Mike Sullivan was no senator’s son, but he carried himself with pride, did his duty and enjoyed life for as long as he could.
When the male members of the Class of 1967 graduated from Woodson, most of them had two choices.
College – or Vietnam.
In a class of more than 800 people, many of whom scattered to the four winds after graduation, no one really knows exactly how many members of the Woodson Class of ’67 served in that controversial Asian war.
We know Mike Scott and Mike Willis served and returned, and we know Mike Beall died in an Army training accident at age 18 while preparing to go to Indochina.
Then there are the two names on the Wall.
Many of us knew Jon Rumble, who had made his mark despite spending only his senior year among us.
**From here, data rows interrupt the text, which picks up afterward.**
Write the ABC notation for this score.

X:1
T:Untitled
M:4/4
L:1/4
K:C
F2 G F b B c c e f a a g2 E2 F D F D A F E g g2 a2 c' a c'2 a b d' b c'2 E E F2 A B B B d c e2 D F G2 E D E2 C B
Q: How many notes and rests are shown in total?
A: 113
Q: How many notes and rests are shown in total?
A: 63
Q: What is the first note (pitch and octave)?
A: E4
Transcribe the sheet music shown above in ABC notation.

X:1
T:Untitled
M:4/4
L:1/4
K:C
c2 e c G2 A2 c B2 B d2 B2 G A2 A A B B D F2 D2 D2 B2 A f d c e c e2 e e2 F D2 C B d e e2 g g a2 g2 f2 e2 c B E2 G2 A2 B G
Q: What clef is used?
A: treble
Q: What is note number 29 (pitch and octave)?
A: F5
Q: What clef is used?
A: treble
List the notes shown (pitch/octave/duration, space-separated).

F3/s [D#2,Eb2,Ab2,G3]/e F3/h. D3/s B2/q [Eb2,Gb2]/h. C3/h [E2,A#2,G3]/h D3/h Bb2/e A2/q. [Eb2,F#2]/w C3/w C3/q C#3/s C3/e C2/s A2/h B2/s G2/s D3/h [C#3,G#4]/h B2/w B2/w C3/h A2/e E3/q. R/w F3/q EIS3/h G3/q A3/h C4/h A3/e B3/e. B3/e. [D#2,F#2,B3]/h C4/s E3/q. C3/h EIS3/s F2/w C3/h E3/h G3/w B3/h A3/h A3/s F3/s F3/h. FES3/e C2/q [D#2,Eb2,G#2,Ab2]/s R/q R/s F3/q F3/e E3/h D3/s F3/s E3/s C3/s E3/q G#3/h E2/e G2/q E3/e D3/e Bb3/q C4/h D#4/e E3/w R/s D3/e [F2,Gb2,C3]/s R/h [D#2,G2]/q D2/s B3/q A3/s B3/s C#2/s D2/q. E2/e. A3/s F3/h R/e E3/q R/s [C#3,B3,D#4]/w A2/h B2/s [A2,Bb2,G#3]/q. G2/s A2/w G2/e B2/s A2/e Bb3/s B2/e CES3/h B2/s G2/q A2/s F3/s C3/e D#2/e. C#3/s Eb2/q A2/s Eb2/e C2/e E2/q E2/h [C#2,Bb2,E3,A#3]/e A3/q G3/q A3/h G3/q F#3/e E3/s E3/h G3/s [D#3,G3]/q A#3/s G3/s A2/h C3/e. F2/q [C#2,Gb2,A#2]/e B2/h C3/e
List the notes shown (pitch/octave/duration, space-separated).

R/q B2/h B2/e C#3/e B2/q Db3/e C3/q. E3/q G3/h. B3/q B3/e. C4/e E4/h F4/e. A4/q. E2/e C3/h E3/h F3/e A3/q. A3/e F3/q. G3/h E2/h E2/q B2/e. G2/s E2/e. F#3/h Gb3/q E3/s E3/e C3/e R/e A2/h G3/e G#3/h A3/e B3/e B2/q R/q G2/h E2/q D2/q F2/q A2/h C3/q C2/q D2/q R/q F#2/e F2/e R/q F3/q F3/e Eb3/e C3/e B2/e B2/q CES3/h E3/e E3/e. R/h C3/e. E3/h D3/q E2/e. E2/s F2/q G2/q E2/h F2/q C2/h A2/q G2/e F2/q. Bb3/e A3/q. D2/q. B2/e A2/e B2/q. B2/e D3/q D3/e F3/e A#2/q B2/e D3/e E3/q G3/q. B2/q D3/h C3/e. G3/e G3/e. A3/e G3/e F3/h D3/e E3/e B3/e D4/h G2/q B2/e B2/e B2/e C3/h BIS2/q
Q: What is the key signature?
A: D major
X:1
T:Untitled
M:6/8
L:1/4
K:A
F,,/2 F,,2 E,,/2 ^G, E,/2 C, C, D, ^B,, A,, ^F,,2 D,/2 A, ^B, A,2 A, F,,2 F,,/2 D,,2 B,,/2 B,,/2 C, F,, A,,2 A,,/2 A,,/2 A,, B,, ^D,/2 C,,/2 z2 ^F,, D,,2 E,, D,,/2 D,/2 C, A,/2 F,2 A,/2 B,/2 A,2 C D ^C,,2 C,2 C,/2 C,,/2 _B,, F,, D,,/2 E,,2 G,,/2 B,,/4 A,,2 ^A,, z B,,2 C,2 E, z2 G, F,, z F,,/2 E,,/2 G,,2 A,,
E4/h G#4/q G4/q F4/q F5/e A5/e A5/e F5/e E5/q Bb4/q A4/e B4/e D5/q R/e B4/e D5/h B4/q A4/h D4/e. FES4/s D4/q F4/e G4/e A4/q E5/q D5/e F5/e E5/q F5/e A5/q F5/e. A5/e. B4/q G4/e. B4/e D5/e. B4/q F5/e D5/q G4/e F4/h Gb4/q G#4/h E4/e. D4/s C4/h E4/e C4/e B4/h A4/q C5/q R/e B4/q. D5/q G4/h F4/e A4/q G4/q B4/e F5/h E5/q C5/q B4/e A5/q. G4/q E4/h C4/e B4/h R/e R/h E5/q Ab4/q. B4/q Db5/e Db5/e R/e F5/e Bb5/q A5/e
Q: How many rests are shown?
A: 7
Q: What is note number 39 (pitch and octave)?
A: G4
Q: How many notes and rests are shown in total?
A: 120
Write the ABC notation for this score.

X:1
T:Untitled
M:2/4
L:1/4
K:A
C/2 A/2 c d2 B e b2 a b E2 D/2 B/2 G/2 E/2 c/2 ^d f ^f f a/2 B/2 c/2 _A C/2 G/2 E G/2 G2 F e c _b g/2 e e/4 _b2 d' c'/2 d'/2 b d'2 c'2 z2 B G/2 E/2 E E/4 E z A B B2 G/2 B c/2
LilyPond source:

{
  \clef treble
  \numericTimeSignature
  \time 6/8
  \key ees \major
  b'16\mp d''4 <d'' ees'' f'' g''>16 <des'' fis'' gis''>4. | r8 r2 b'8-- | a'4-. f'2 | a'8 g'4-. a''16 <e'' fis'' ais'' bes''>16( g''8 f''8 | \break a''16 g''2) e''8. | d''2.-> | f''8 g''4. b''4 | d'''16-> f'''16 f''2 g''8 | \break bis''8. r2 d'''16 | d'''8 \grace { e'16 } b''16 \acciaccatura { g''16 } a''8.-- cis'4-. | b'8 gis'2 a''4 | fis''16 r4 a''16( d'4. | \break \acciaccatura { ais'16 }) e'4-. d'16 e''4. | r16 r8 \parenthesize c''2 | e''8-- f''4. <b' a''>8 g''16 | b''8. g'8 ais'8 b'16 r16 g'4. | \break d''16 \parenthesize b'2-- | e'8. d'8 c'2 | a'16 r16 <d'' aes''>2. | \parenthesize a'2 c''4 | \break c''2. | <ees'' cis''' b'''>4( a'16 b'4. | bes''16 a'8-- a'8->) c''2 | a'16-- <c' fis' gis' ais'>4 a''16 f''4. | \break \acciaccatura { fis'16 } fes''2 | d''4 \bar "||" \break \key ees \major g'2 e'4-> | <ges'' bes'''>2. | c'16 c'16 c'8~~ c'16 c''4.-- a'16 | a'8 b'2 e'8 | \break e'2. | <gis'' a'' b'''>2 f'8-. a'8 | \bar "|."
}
He had played the male lead in the senior class play and had made many friends.
If there’s one thing many of us have learned over the last 41 years, it’s how few people we actually knew in our class of 804 seniors in a school of 3,300 students. If we didn’t share classes with someone, the only way we knew them was either from after-school activities or from our own neighborhoods.
Kids who spent only half a day at school – kids who weren’t in band or clubs or on athletic teams – weren’t as well known. So while plenty of us in the Class of 1967 remembered Jon, not as many knew Mike all that well.
One who did was Randy McDaniel, who grew up right across Route 236 from Sullivan.
"We played a lot of sports together at the YMCA," McDaniel said. "His dad worked for the government and my sister carpooled with him. She told me that at one point while we were in high school, his dad actually blocked incoming phone calls because too many girls were calling for Sully too late into the evening."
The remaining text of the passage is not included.